The reported sale of weapons to Azerbaijan has also heightened decades-old anger at Israel over its nonrecognition of the atrocities of 1915, when an estimated 1.5 million Armenians were killed in events that scholars widely believe were the first genocide of the 20th century. Turkey denies that the deaths constituted genocide, saying the toll has been inflated and that those killed were victims of civil war and unrest..

Despite repeated debates in the Knesset and pressure from Jewish groups in Israel and abroad, Israel has constantly maintained that because of the importance of its relationship with Turkey, Israel does not want to offend Ankara by recognizing it.
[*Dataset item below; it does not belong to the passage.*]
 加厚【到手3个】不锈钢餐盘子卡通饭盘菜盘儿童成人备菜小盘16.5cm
More recently, its strategic relationship with Azerbaijan has increased tensions for local Armenians.

In 2001, then-Foreign Minister Shimon Peres denied “Armenian allegations” regarding the 1915 genocide, denouncing them as efforts to create a parallel with the Holocaust in World War II. “Nothing similar to the Holocaust occurred. What the Armenians went through is a tragedy, but not genocide,” he said at the time.
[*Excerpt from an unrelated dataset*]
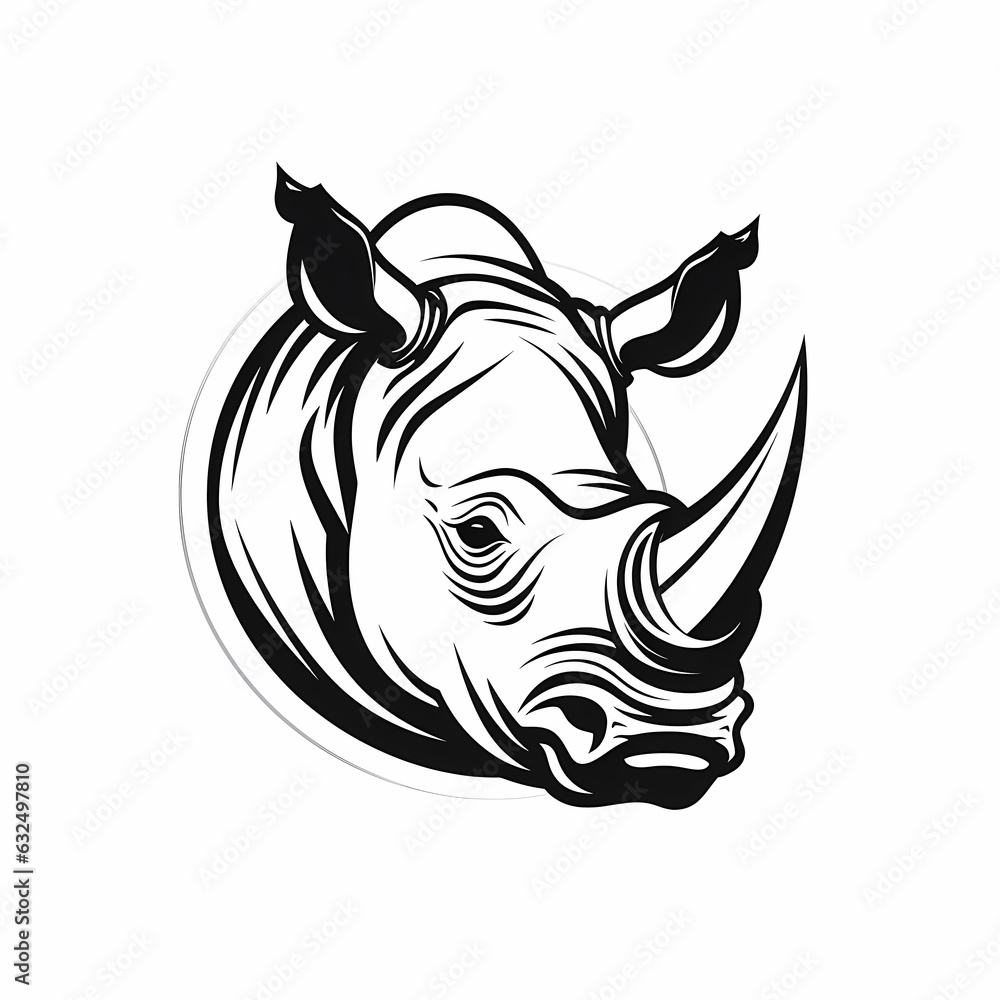 Rhino Head Symbol Illustration Design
“Sometimes, I think that Israeli officials want to hold onto the exclusivity of the Holocaust for their own cynical reasons,” Movsesyan tells Haaretz. “And every time there’s new [diplomatic] trouble with Turkey, some Israeli official ‘threatens’ to recognize the Armenian holocaust as a way to punish Turkey. They should recognize it because it’s true and because we shared in this fate – not because we are pawns in some cynical game.”
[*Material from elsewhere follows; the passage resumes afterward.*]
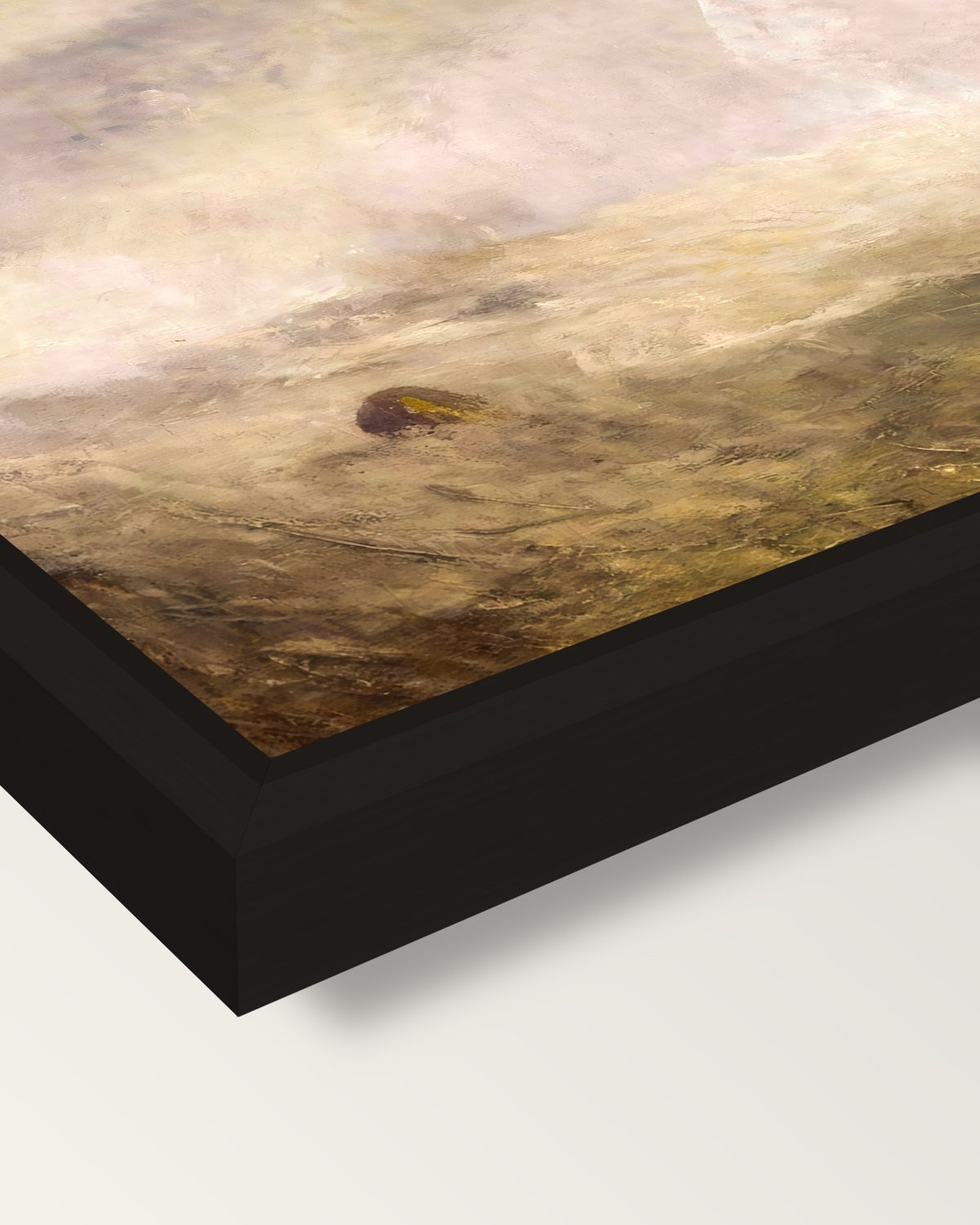 Seascape with Buoy by Turner framed canvas, corner close-up: a black floating frame with a shadow gap round the canvas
Kevork Gougassian, 47, notes that a memorial to the Armenian genocide was recently built in Petah Tikva. “It’s good to have a memorial. But it was established by contributions from the community. I wish that the Israeli government, even if it doesn’t formally recognize the holocaust, would recognize the pain by creating a public memorial.”


Kevork Gougassian next to a Christmas tree. Armenians in Israel traditionally celebrate Christmas on January 19. Credit: Meged Gozani

During the fighting in Nagorno-Karabakh, local Armenian organizations and ad hoc groups organized demonstrations, and the Azerbaijani-Turkish-Armenian conflict spilled over into Israel: During one incident, Azerbaijani supporters, waving Turkish and Azerbaijani flags, attacked a convoy of Armenian flag-wielding protesters who were returning from a demonstration in Jerusalem.

Baghamian says the events of recent months have forced him to question his own identity. “I have started to ask: What makes me Armenian? What makes me Israeli? I’m safe, warm and happy here – why should I care what happens over there? On the other hand, my people are from over there – so why should I feel attached to here? I’m angry at Israel. I’m angry at the Armenian government, too, because it hasn’t been able to build our nation the way Israel has.

“I feel disappointed and betrayed by all sides,” he says. “I wonder if, in some very small way, I understand how my grandfather felt when the Armenians were abandoned by everyone.”

Yet, at the same time, all those interviewed agree that the situation has led to energetic organizing within the community, culminating in the establishment and legal recognition of the Union of Armenian Communities as a nonprofit in Israel. The union, led by Movsesyan, is now planning to both participate in and raise funds for relief operations for Armenia, including sending prostheses for wounded soldiers, training Armenian medical rehabilitation staff, and rebuilding kindergartens and schools that were destroyed during the fighting.

“The Israeli people are offering their help to our nonprofit in so many ways,” Movsesyan says. “They recognize the connections between our two peoples, even if the Israeli government refuses to.”